Nine of the disc’s 11 vocal tracks are covers. Goodman delivers I’ll Take You There as an urgent anthem of hope and determination; on What’s Going On, she ramps up the energy of Marvin Gaye’s prophesy-laced plea and transforms it into a full-bodied demand for answers. Her rendition of William DeVaughn’s Be Thankful for What You Got (re-titled here, as it often is, as Diamond In the Back) summons a powerful blend of streetsy swagger and inspirational uplift. She and the band pour dollops of fatback funk into Bill Withers’ Use Me [Up] and the Motown classic I Heard It Through the Grapevine; their take on Dr. Feelgood is an exuberant, if hardly trailblazing, fusion of carnal and churchy fervor. Through it all, Goodman’s vocals are alternately seductive, stentorian, straightforward and playful—her scatting and other improvisations won’t threaten the ghost of Betty Carter, but on their own terms they’re deeply satisfying. (Some of that reverbby echo that’s been added to her voice, though, is annoying—she’s fine on her own, without embellishment.)

Most tantalizing here are two Goodman originals, Sunshine (You and Me) and How I Feel. Buttressed by additional instrumentation and background vocal support, she shows herself to be a winning lyricist, as well as a stylist, who excels within complex but unpretentious neo-soul/light-jazz blend. This is the side of Big Baby that the Friday night regulars at Memphis Sounds know best; along with the nuanced sophistication and suppleness she shows on most of the disc’s other offerings, it whets our appetite for volume two.

—David Whiteis


Make My Day—Back to Blues
Secret Records - (No #)

Hard rock guitar legend Fast Eddie Clarke, formerly of Motorhead, has presented a fairly straight-forward album of all-original, mostly blues material—some of it quite soulful—titled Make My Day—Back to Blues.

How could the heaviest, nastiest, nuttiest of British metal’s pioneering guitarists—a man guilty of creating the brutal riffs to such Classic songs as Overkill, Bomber and Ace of Spades—slow himself down and mellow himself out enough to accomplish such a task? Age, maturity, and meeting the right musicians with whom to collaborate are certainly among the answers. Another could be that the man had the blues in him all the time. Doubters should just listen to Motorhead from any era of their almost four decades together and deep inside the cacophony will be the blues—speeded up and amplified to utter insanity, but still the blues.

Clarke grew up in England with blues music all around him. He admired the Yardbirds, the Rolling Stones, and John Mayall, along with other British blues/rock greats as a youth. He then went on the road to offer his guitar talent to Curtis Knight and his band, replacing Jimi Hendrix, in fact, before winning his gig with Lemmy and Co. In the mid-1970s.

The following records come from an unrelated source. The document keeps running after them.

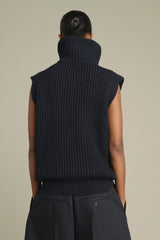 SLEEVELESS CARDIGAN IN WOOL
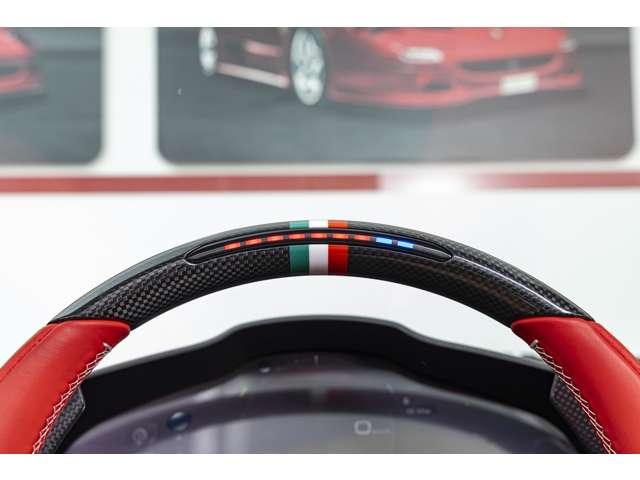 ＳＦ９０スパイダー Ｆ１　ＤＣＴ　Ｅ４ＷＤ　レアディフューザーカーボン　シルキックカーボン　フロントトンネルカーボンカーボンレーシングシート　レーシングシートリフター　ダッシュボードインサートカーボン（12枚目）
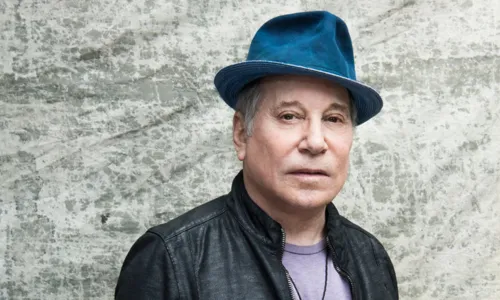 
				
					Paul Simon é um homem velho relendo canções em grande CD
				
				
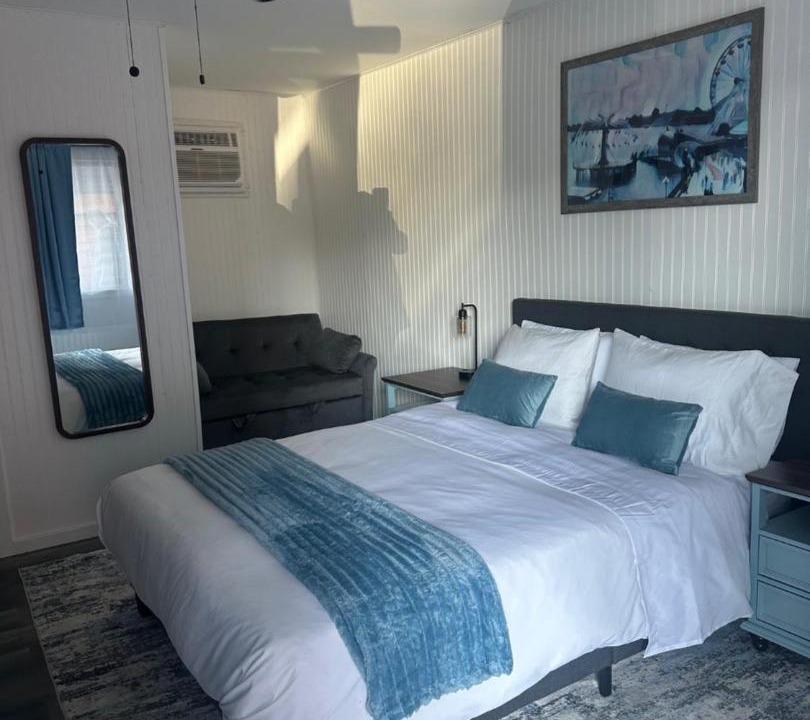 Photo of Others in Monticello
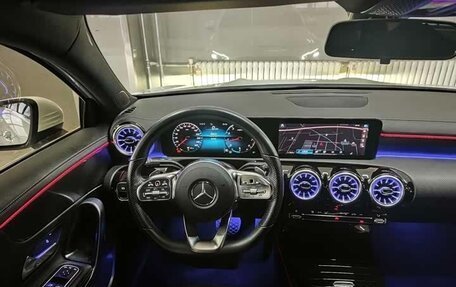 Mercedes-Benz A-Класс, 2022 год, 2 100 000 рублей, 11 фотография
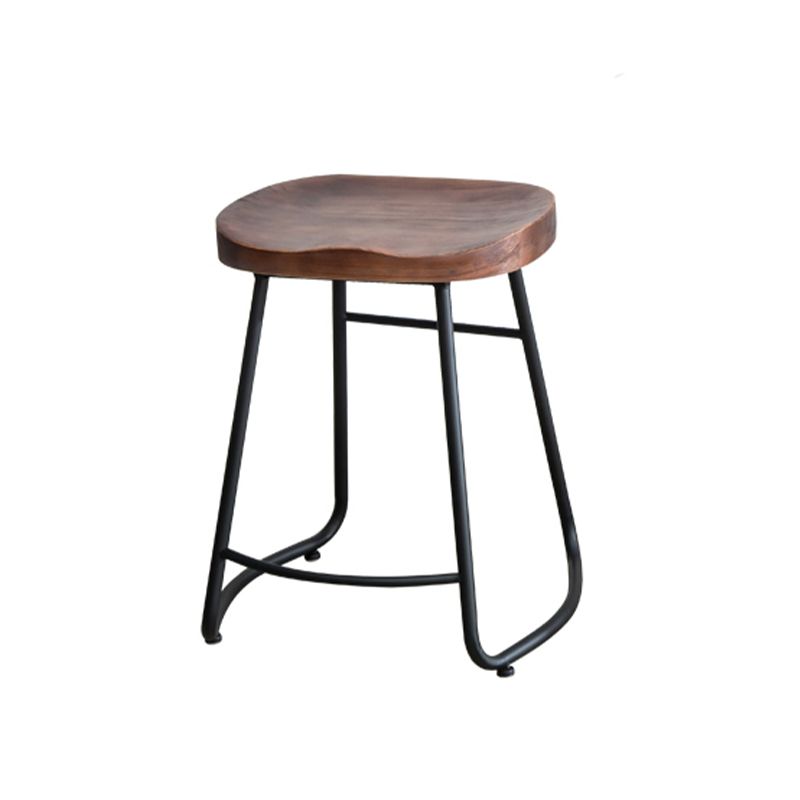 Modern Armless Backless Counter Stool Iron Bar Stool with Wooden Seat and Pedal for Cafe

In 2008, Clarke found himself at what he calls in the liner notes to Make My Day “a loose end.” At a party he was introduced to blues/jazz keyboardist Bill Sharpe of the English jazz/funk group Shakatak. The two hit it off immediately, beginning work on a few blues tracks in the studio. After some delays, for which Clarke has taken full responsibility, Make My Day—Back to Blues was issued. The at-times surprising, but always satisfying disc offers a wonderful insight into Clarke’s current sense of the blues.

Thankfully, Clarke opted to sing on this album. He almost didn’t. Rarely seeming fully confident in his vocal abilities since he first sang on Motorhead’s Step Down in 1979, Clarke presents a rough, edgy, everyman voice that is highly personal and works as an agreeable accompaniment to his sharp, stinging guitar. A better-known comparable singer might be Ron Wood. “Even I like them,” Clarke has said of his vocals on the new disc.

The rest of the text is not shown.